The best place to eat in the South Indian city of Madras is Geetha Sashidharan's home. I say that after eating extraordinarily well there for 10 days.

Instead of sightseeing, I would board an auto rickshaw and head to Sashidharan's for lunch, an excursion that occupied most of each day.

It is easy to find her apartment. A cord strung with golden Hindu deities hangs over the doorway, distinguishing it from others in the building. Inside, portraits of deities fashioned of inlaid wood decorate the walls, and a cupboard shows off figures of the elephant-headed god Ganapati, to whom Sashidharan is especially devoted. A puja (prayer) room, where she lights an oil lamp each evening, opens into the living room.

Either Sashidharan or Mary George, her household helper, would hand me a soda or a glass of sweet lime juice the moment I arrived. Then George, a young Tamil Christian from the city of Tiruchirappali (also known as Trichy), would finish cooking lunch.

Using only a two-burner cooktop, she would turn out an amazing variety of dishes in a short time. A pressure cooker speeded up some of her tasks. Indians are quite partial to these utensils, and I saw stacks of them in housewares stores in Madras along with such ancient tools as the wooden beaters used for whipping yogurt to extract the butter.

Sashidharan's tiny bare kitchen contains only a sink, the cooktop and cupboards from which George would extract spices and lentils in stainless steel containers. She explained the dishes in Tamil, speaking as loudly as she could to make me understand. Then Sashidharan would translate into English.

Lunch always included homemade yogurt (or curd, as it is called in India), which Sashidharan would start each morning from the previous day's batch. Mellow compared to tangy American yogurt, it makes wonderful, nutty curd rice, which became one of my favorite dishes. The rice is cooked with tiny white lentils and curry leaves, then mixed with fully set curd and with some that is still fluid. This makes it creamy and very white.

Sashidharan is vegetarian, but her husband and son are not. So George would cook chicken or mutton curry, chicken biryani and other meat dishes along with vegetarian food. Some South Indian vegetarians are so strict they do not eat eggs--I could not get an omelet for breakfast at my hotel, for example. Others, like Sashidharan, will eat fish.

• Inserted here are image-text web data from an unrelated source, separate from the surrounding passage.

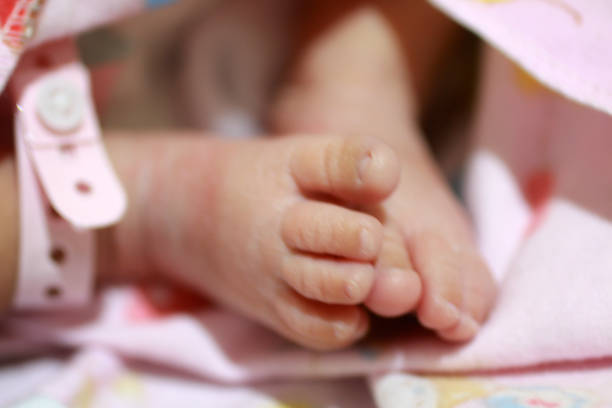 Newborn baby feet. The tiny foot of a newborn baby. Soft feet of a newborn in a pink blanket. Close up of toes, heels and feet of a newborn baby.
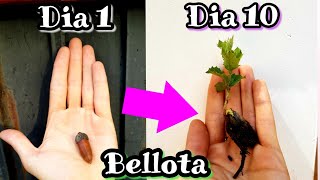 🌳 Como plantar y Germinar Bellotas Sembrar y Cultivar bellota y encinas • Robles • Alcornoques [upl. by Ilke]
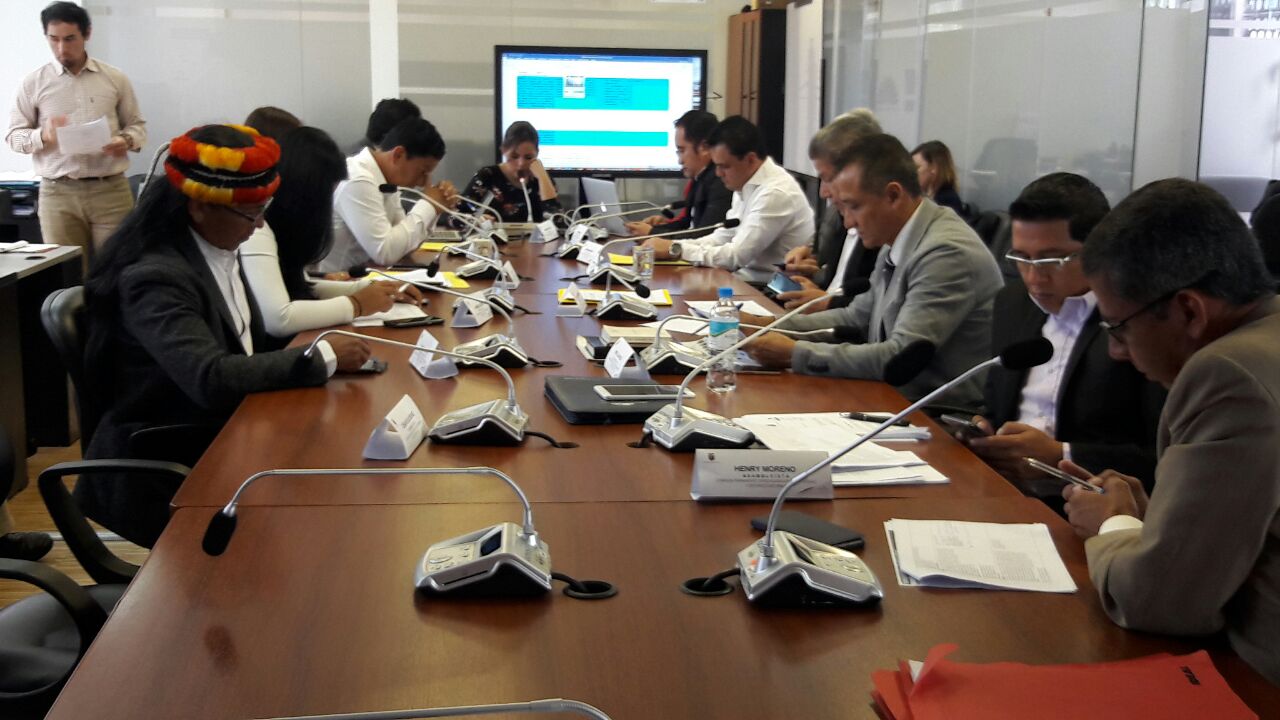 LEY ESPECIAL AMAZÓNICA, VETADA PARCIALMENTE POR EL EJECUTIVO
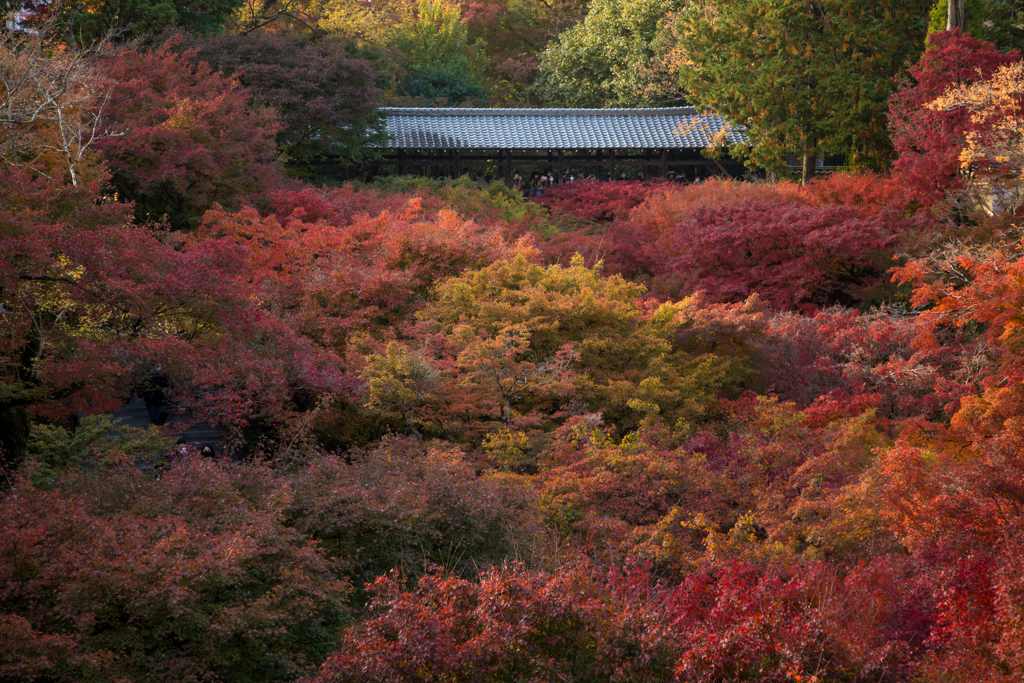 東福寺 紅の谷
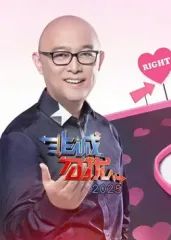 非诚勿扰2025 同类型推荐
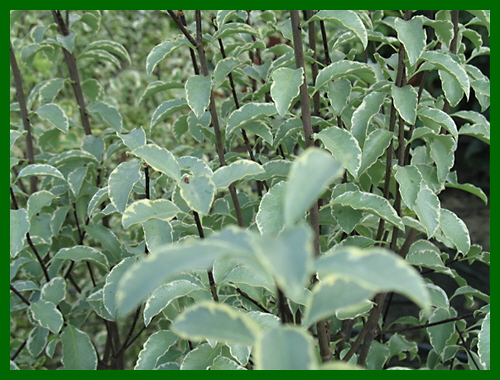 pittosporum silver queen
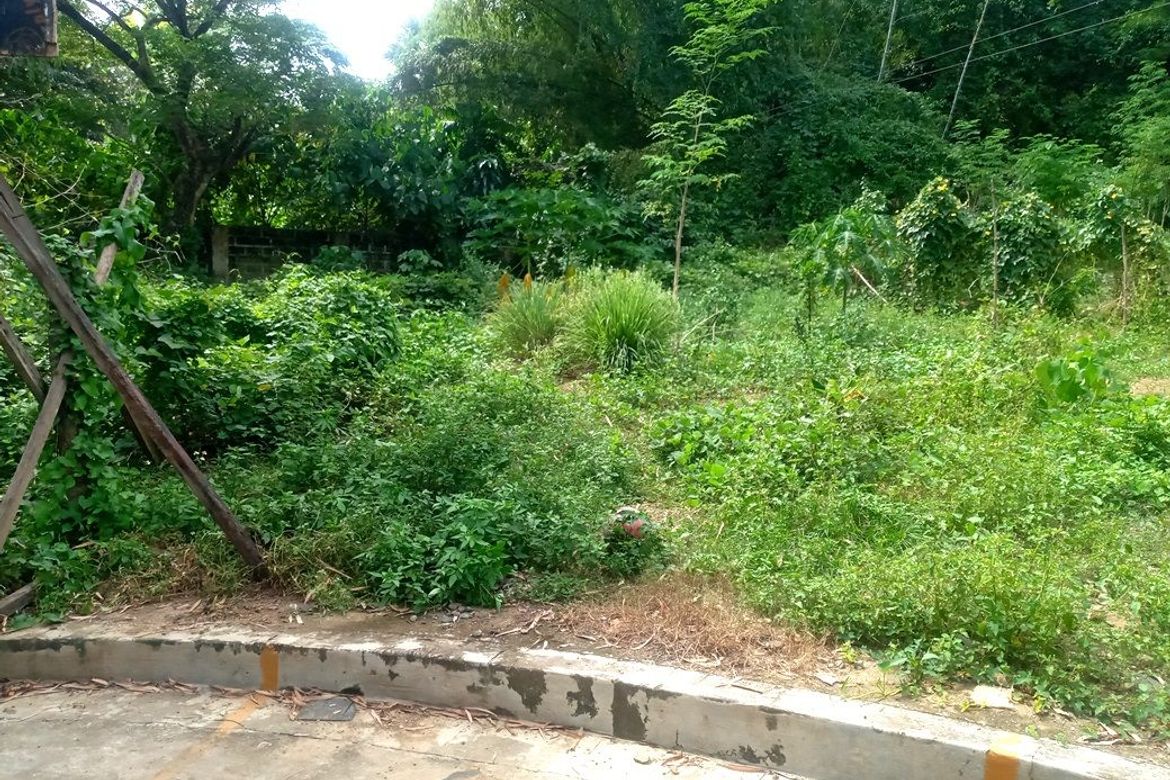 Land for Sale in Pulangbato, Cebu City, Cebu – photo 4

One day, George made a fish curry that was so good I'm sorry I didn't ask for the recipe. Another day we had a delicious shark hash flavored with ginger and curry leaves. The shark is cooked first with turmeric to eliminate fishy aroma.

Madras is on the Bay of Bengal. Seafood is popular there, except during April and May, the hottest months of the year. Then Sashidharan won't buy it for fear of spoilage.

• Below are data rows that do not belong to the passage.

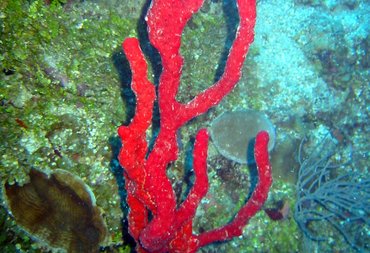 Erect Rope Sponge - Amphimedon compressa - Bonaire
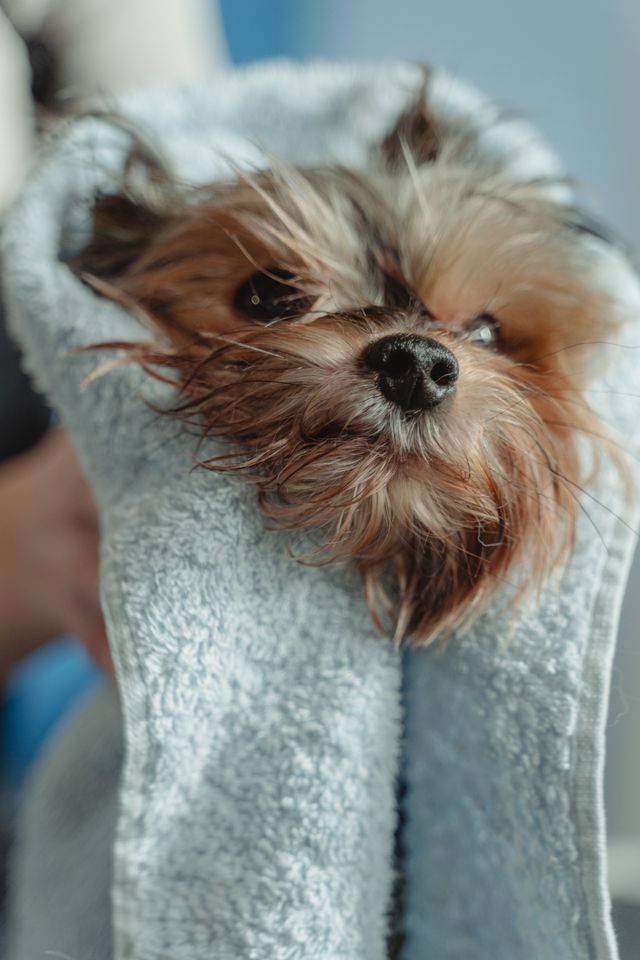 wet puppy wrapped in a soft towel after bath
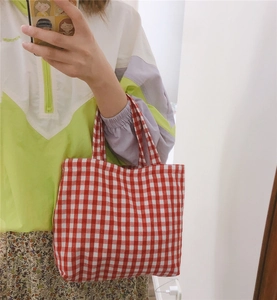 Detail of red and white gingham canvas tote bag held by a model in a mirror selfie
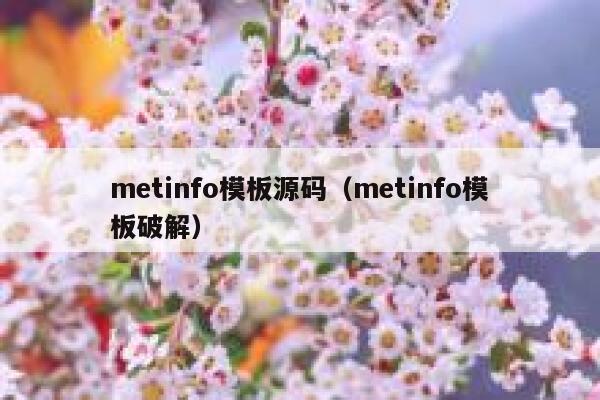 metinfo模板源码（metinfo模板破解）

When the heat is really intense, she orders the cooking completed by midmorning, and the family takes refuge in the one air-conditioned bedroom until late afternoon. Fresh fruit juices and ice cream provide some relief.

In March, when I was in Madras, mornings and evenings were cool, but midday was rather hot. So after lunch, we took naps under ceiling fans, arising for afternoon tea at 3. George would boil tea leaves with milk, water, cardamom and sugar, making a very sweet brew.

After that, we'd go shopping. Once George accompanied us to buy an implement she wanted for chopping onions. This was a hinged blade attached at one end to a square plastic board, something she had used in a previous job. We found it in a shop that specializes in the stainless steel kitchenware that is basic to the Indian kitchen. I felt almost dizzy, gazing at the vast array of dazzling, shiny utensils.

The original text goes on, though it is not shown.